## [MATERIAL FOR THE TASK]
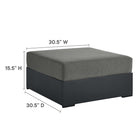 Modway - Tahoe Terrasse extérieure Aluminium revêtu en poudre Ottoman in Charbon de bois gris-Aluminium revêtu en poudre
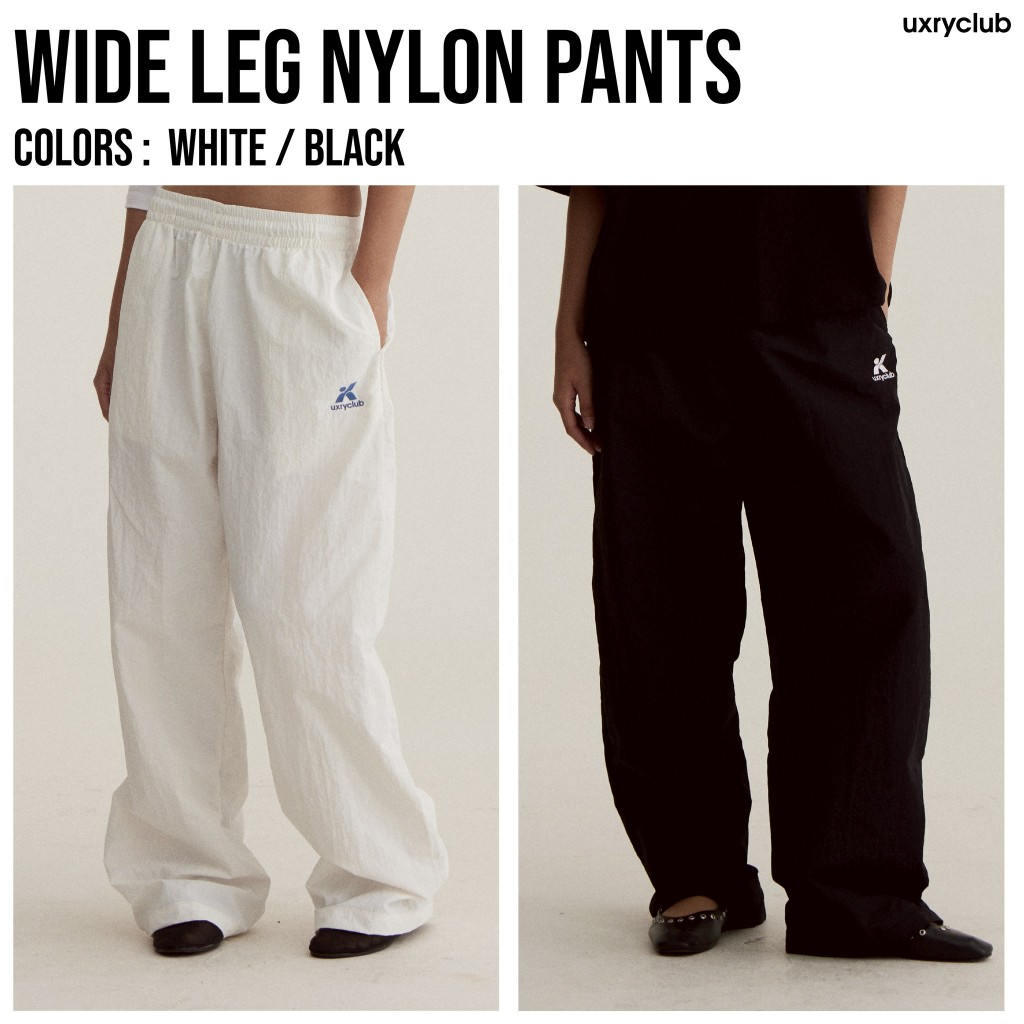 UXRYCLUB WIDE LEG NYLON PANTS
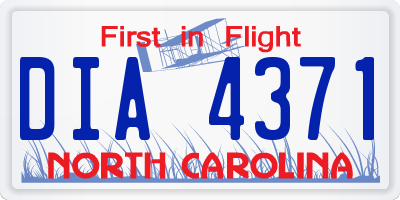 NC license plate DIA4371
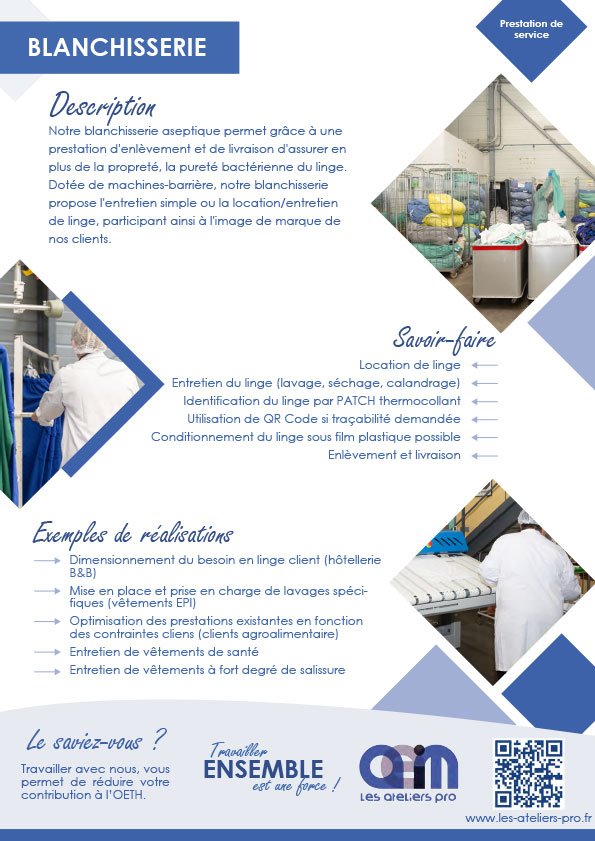 Blanchisserie - Prestation de service - Aeim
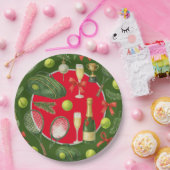 Tennisracketbal zwarte inkt rood groen Kerstmis Papieren Bordje (Feest)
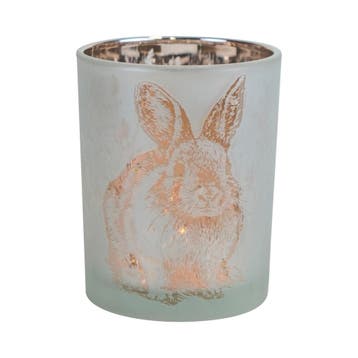 Theelichthouder konijn brons medium 12cm, Verzenden, Nieuw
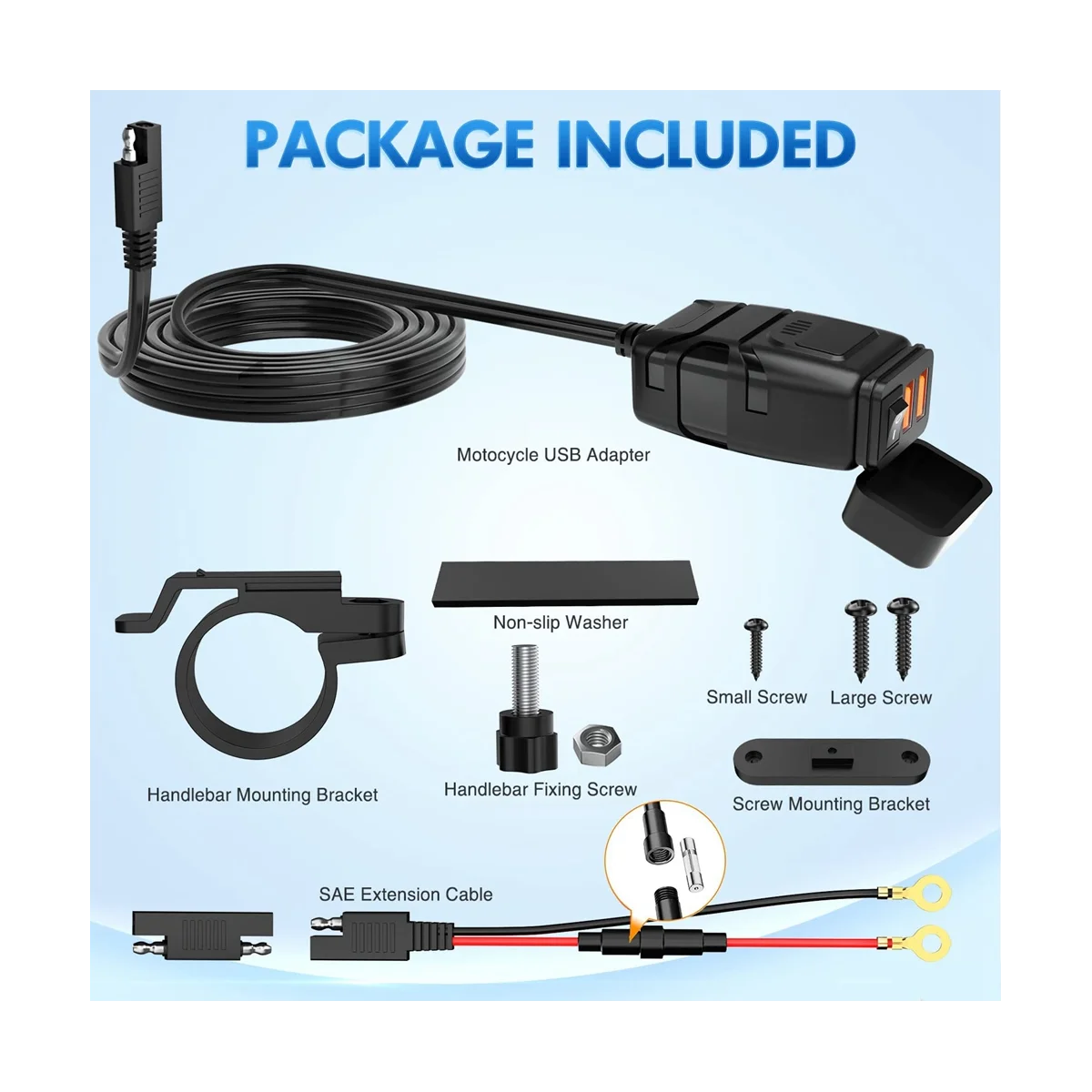 

Motorcycle USB Charger, 6.8A Quick Charge 3.0 Dual USB Motorcycle Phone Charger with Voltmeter & ON/Off Switch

## [WORK TO COMPLETE]
The required response consists solely of the lines from the line containing "Tennisracketbal zwarte inkt" through the end of the listing, both ends included, copied exactly without pictures.

## [EXERCISE ANSWER]
 Tennisracketbal zwarte inkt rood groen Kerstmis Papieren Bordje (Feest)
 Theelichthouder konijn brons medium 12cm, Verzenden, Nieuw

Motorcycle USB Charger, 6.8A Quick Charge 3.0 Dual USB Motorcycle Phone Charger with Voltmeter & ON/Off Switch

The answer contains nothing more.